Charlotte Morris is back with her breathtaking new album, ‘both sides’. She invites listeners to witness a life unfolding in real time- not as a polished highlight reel, but in all its beautiful contradictions. From the first note to the final hush, it’s clear this is a record written not just from the heart, but from the marrow.

Across thirteen carefully sculpted tracks, Morris captures what so many albums attempt and few achieve: emotional clarity without losing complexity. There’s a richness here- not just in the instrumentation, which stretches from delicate acoustic lines to sweeping string arrangements, but in the way every lyric feels like it’s been lived. Whether she’s wrestling with loss, reclaiming power, honouring her roots, or raising a glass to the people she’s met along the way, Morris keeps the listener close, like a confidante.

‘both sides’ opens with ‘raised by a woman’, a gentle powerhouse that nods to the women who shape us in quiet, unshakeable ways. From there, the album becomes a tapestry of memory and introspection: ‘created me’ reaches deep into ancestral connection, ‘maine’ finds solace in places that raised her, and ‘villain’ and ‘changing my number’ lean into heartbreak with just enough bite to remind you she’s no stranger to reinvention.

The magic of Morris lies in how seamlessly she transitions from folk balladeer to narrator of barroom tales. On ‘neighborhood bar’, she loosens her grip and lets in a little chaos, proving that she can tell a story with a wink just as easily as with a tear. Still, it’s on songs like ‘living & loving’ and ‘come tomorrow’ where her voice lands deepest. These are songs that feel like pages ripped from a journal and held out with open hands.

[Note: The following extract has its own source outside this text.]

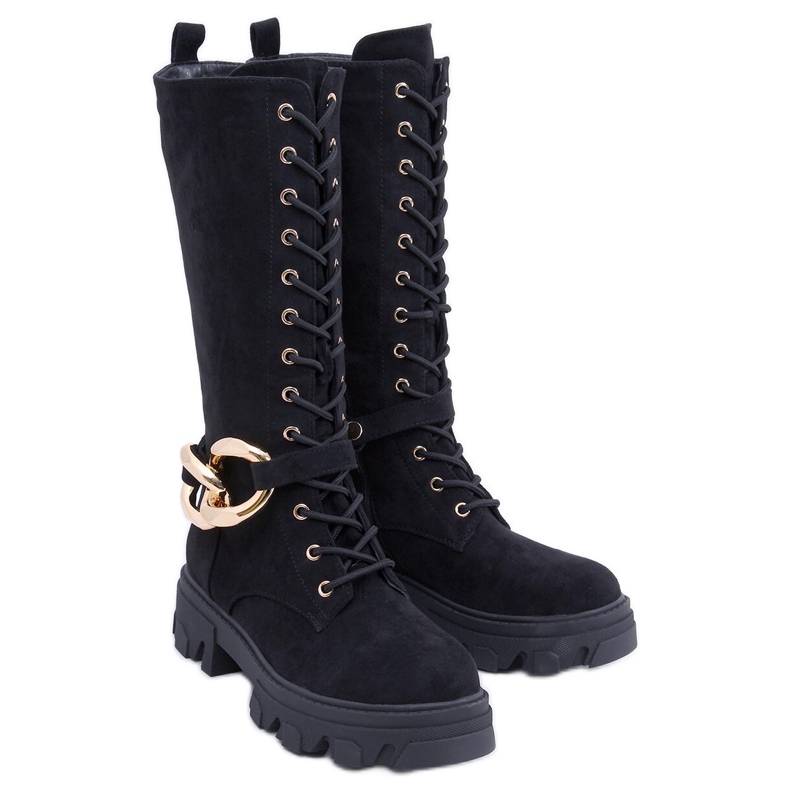 Botas con cordones de ante negro Charlize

Her closing cover of Joni Mitchell’s ‘Both Sides Now’ isn’t just an homage- it’s a torch being carried forward. She places herself firmly in a lineage of women songwriters who believe the truth doesn’t have to be loud to be life-changing.

With ‘both sides’ Charlotte Morris has made something deeply personal, but it’s the kind of personal that leaves space for the listener to see themselves in every verse. And that, ultimately, is what makes this record essential.